I've got a blood pressure monitor and I like to play with it. As an experiment for The Meat Fix I deliberately ate a lot of salt – up to 15 grams a day – for a couple of weeks and measured my blood pressure at the start and end of every day. If salt raises your blood pressure as it is claimed it does, I should have seen some difference but of course, I didn't. Nothing. It didn't move from around its usual 114/75 level. Getting angry about misinformation about salt did, however, put my blood pressure up on at least one occasion, proving that the advice is worse for your health, not better!
My partner, Dawn, tried the same experiment and got the same result. Weird huh? Not so much. Listen to what the then president of the American Society of Hypertension, Michael Alderman, said in 1997: "Even if a low sodium diet could lower the blood pressure of most people (probably not true) and both the diet and change in blood pressure could be sustained (not established) this alone would not justify a recommendation to reduce sodium intake.” And personally, I trust what Mickey says. His gig is all about blood pressure.
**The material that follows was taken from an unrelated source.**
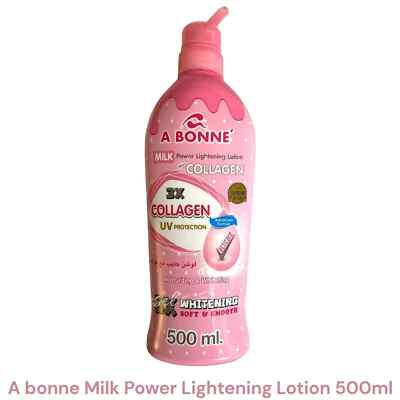 A BONNE' Milk Power Lightening Lotion With COLLAGEN 500ml
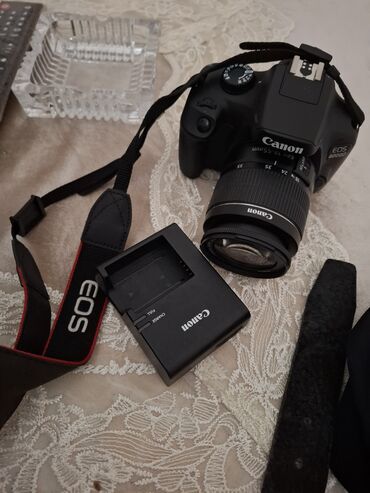 canon 600d kit: Hec bir problemi yoxdu xanim isledib.her seyi ustunde verilib.1100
In 2011 a report published in the American Medical Association journal looked at 3,681 healthy people aged 60 or under and found above average salt intake did not increase blood pressure.
Another recent study found that those who had the least salt in their urine had a higher risk of death from a stroke or heart attack. So what the hell is this low salt message going on about? Why are they creating so much fuss?
As usual, everyone except the patient benefits from paranoia about blood pressure being high from salt intake – the pill makers, the chemists and the doctors earn more by getting more people on their books, as do the people who make the packets the pills come in, the people who make ‘low salt’ salt, and the processed food industry, which can market a new product ‘low in salt.’ Who wants that salty gravy train to end?
Yes you can eat too much salt, just like you can eat too much of anything; sit at the table and eat ten tablespoons; you'll feel pretty gross and your kidneys might stop working, which is always a drag, but no-one does that. Use pure sea salt and stop worrying about it.
Because all this worrying about salt is more likely to give you a heart attack than the actual salt. So unless you’ve already got high blood pressure don’t worry about Uncle Salty. Ok? Good.